Market “Back in the Doldrums” – AgFax
Cotton is back in the Democrats when you call 120-140 cents a depression, a boring quiet market that has no reason to fall but continues to hint at rising prices. The market is trying to move from the 2021-22 marketing year to the 2022-23 marketing year.
After the July contract ends the Day of the First Notice, June 24, the new harvest of 2022-23 begins, and the old harvest falls into history textbooks. July is now the main contract.
The next nine weeks of trading will cover the struggle of speculators with textile factories. Mills, for all practical purposes, will go hat in hand in front of speculators, asking them to release them from trade factories set up by themselves. In the recent past, after such a riot, the heads of Chinese factories were arrested, and the press reported that they were executed.
The coming weeks should be explosive as factories fix prices against on-demand sales. Also the situation with humidity, or lack of moisture, continues to dominate in headlines in West Texas, the Rolling Plains of Texas and Oklahoma, as well as in cotton-producing areas in New Mexico and Kansas. The strongest drought of all time continues.
The U.S. National Weather Service has released a forecast showing the spread of the drought. In addition, the service believes that even local showers will be so limited that they will be virtually useless for cotton production – words and phrases that have never been used before.
However, this is not a weekend of Remembrance Day; thus, there is still time for useful moisture to settle to an area that accounts for about 45 percent of U.S. cotton production. July could rise to 150 cents.
Mother Nature controls the new December futures contract for the harvest, and prices are almost entirely focused on the humidity situation in the southwestern United States. December futures could rise up to 150 cents between today and August.

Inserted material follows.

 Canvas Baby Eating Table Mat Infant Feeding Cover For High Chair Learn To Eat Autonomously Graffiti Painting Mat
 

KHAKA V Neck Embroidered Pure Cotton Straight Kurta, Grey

Over the past seven months, however high on-call sales have been, they have risen to new heights this week as the ratio of on-call sales to on-call purchases has jumped from around 9.1 to 15.1 under the July contract. (May is everything except memory, but, including May and July, the ratio is 16.1 to 1.)
This provides statistical evidence that the plants have postponed price fixations all year and will now pay dearly for cotton. Data tells us that last week alone, plants even added 433,900 bales to their on-call portfolios, despite prices hovering around 140 cents. The ratio is at an all-time high and promises that July futures will be very volatile.

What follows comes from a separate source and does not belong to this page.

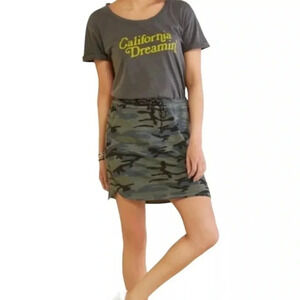 Sundry Saturday Skirt Army Camo Drawstring 3/L NWT Knit Comfy Evereve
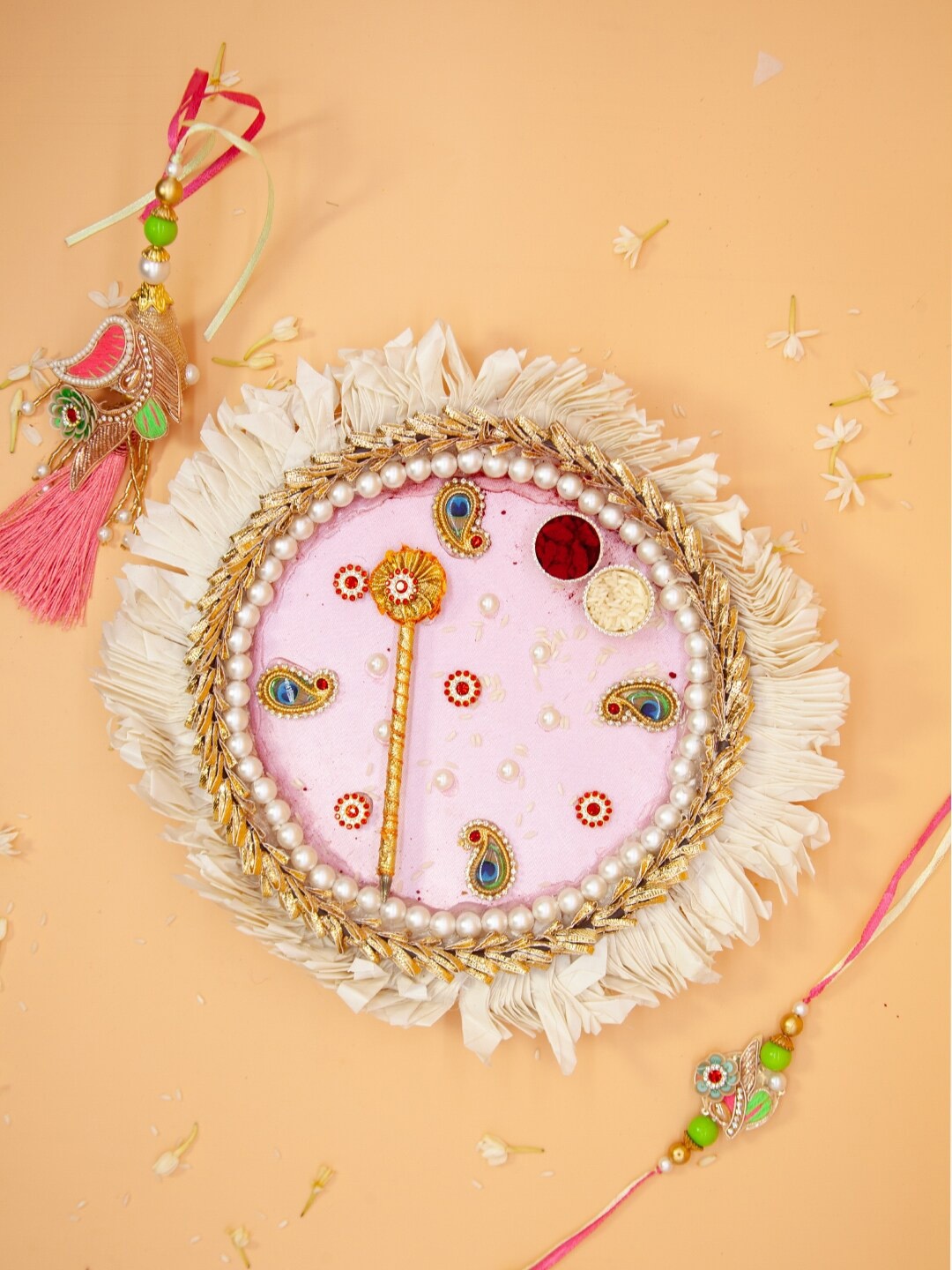 

Fida Rakhi Thali & Lumba Rakhi with Roli Chawal & Kum Kum Tikka Stick, Pink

Evidence suggests that plants should buy futures contracts equivalent to 6,311,100 bales from now until June 24. Conversely, the known sale of futures for the same period is only 420,300 bales. We have limited trading days ahead of us. Combined with this drought, which is facing new crop contracts, and it can be seen that the cotton trade will continue to attract more speculative funds in May and June, probably longer.
It should be noted that some believe that the duty report should not be used and misleading. Let me say, do not mislead those who say so. They just lack the historical perspective of the report and / or do nothing trying to hide the data.
They want to mislead others and oppose market transparency. I’ll also notice that it’s unusual to try to hide data or data on the couch behind a mask. Manufacturers warn against taking into account any organization that tries to drown out the data. If those who try to hide the data are not intimidated, they will not attack their use.
Rising prices above 140 cents virtually stopped the sale of cotton. Net exports for the week were at least 50,500 Upland bales for the marketing year. Cancellations included 13,500 bales from India and 9,600 bales from Turkey, among others.
Shipments totaled 367,100 Upland bales, this is not enough to reach USDA’s projected exports of 14.75 million Upland and Pima bales. Exports could fall to just 14.5 million bales, pushing the carryover to 3.8-3.9 million bales by the end of the year.
Cotton is not trading, but factories have to trade out of fiasco, they are trading past commitments and promises, the forecast is worth 150 cents.